New Horizons captured the images from April 12 to 18 at a distance of less than 70 million miles away from the dwarf planet. The images were enhanced using a technique called deconvolution, which sharpens the raw images returned by the space probe.

NASA's New Horizons probe captured this set of images of Pluto from a distance of less than 70 million miles in early to mid-April 2015. Image Credit: NASA / Johns Hopkins University Applied Physics Laboratory / Southwest Research Institute

NASA’s New Horizons probe captured this set of images of Pluto from a distance of less than 70 million miles in early to mid-April 2015. Image Credit: NASA / Johns Hopkins University Applied Physics Laboratory / Southwest Research Institute

The images released on Tuesday show Pluto and its largest moon Charon in greater detail than the best images provided by the Hubble Space Telescope. While blurry, the images offer enough resolution to detect surface features on the dwarf planet for the first time.

“New Horizons scientists interpreted the data to reveal the dwarf planet has broad surface markings – some bright, some dark – including a bright area at one pole that may be a polar cap,” NASA said in a statement.

“As we approach the Pluto system we are starting to see intriguing features such as a bright region near Pluto’s visible pole, starting the great scientific adventure to understand this enigmatic celestial object,” John Grunsfeld, associate administrator for NASA’s Science Mission Directorate said in a statement. “As we get closer, the excitement is building in our quest to unravel the mysteries of Pluto using data from New Horizons.”

The most detailed map of Pluto to date captured by the Hubble Space Telescope. Image Credit: NASA, ESA, and M. Buie (Southwest Research Institute). Animated image created by Curtiss Thompson

The most detailed map of Pluto to date captured by the Hubble Space Telescope. Image Credit: NASA, ESA, and M. Buie (Southwest Research Institute). Animated image created by Curtiss Thompson

Up until today, NASA’s Hubble Space Telescope had produced the most detailed images of the dwarf planet to date, providing enough resolution to discern surface changes, but not enough to make out surface features like craters or mountains.

“We can only imagine what surprises will be revealed when New Horizons passes approximately 7,800 miles (12,500 kilometers) above Pluto’s surface this summer,” said Hal Weaver, the mission’s project scientist at the Johns Hopkins University Applied Physics Laboratory in Laurel, Maryland.

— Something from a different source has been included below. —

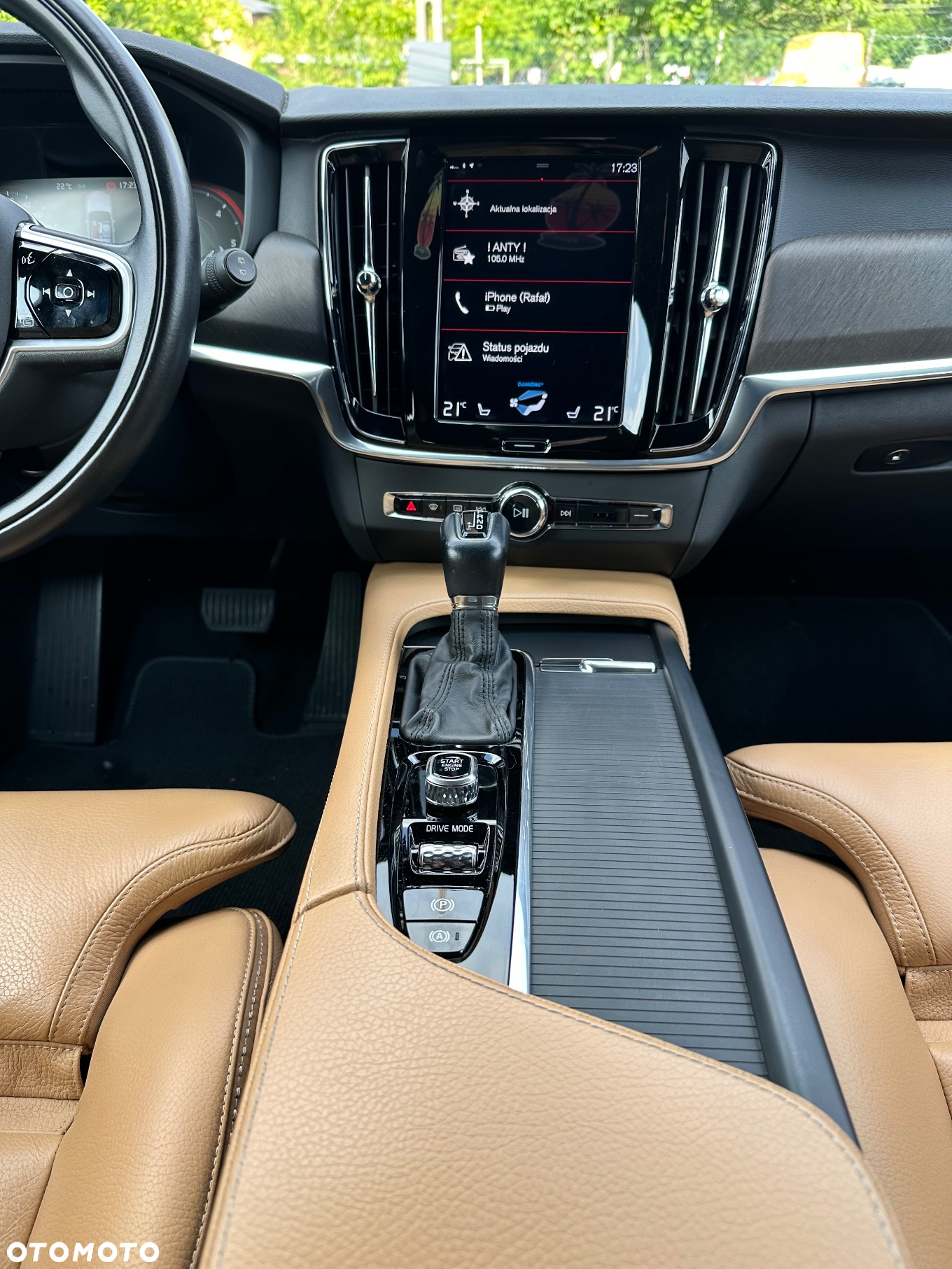 Volvo V90 Cross Country D4 AWD - 28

Launched on Jan. 19, 2006, NASA’s New Horizons probe will be the first spacecraft to visit Pluto, providing the first up-close images when it arrives at dwarf planet on July 14, 2015. The probe has traveled farther and longer than any other spacecraft to reach its primary target. New Horizons will also become the second spacecraft in history to visit a dwarf planet, following behind NASA’s Dawn spacecraft which arrived in orbit around Ceres in March.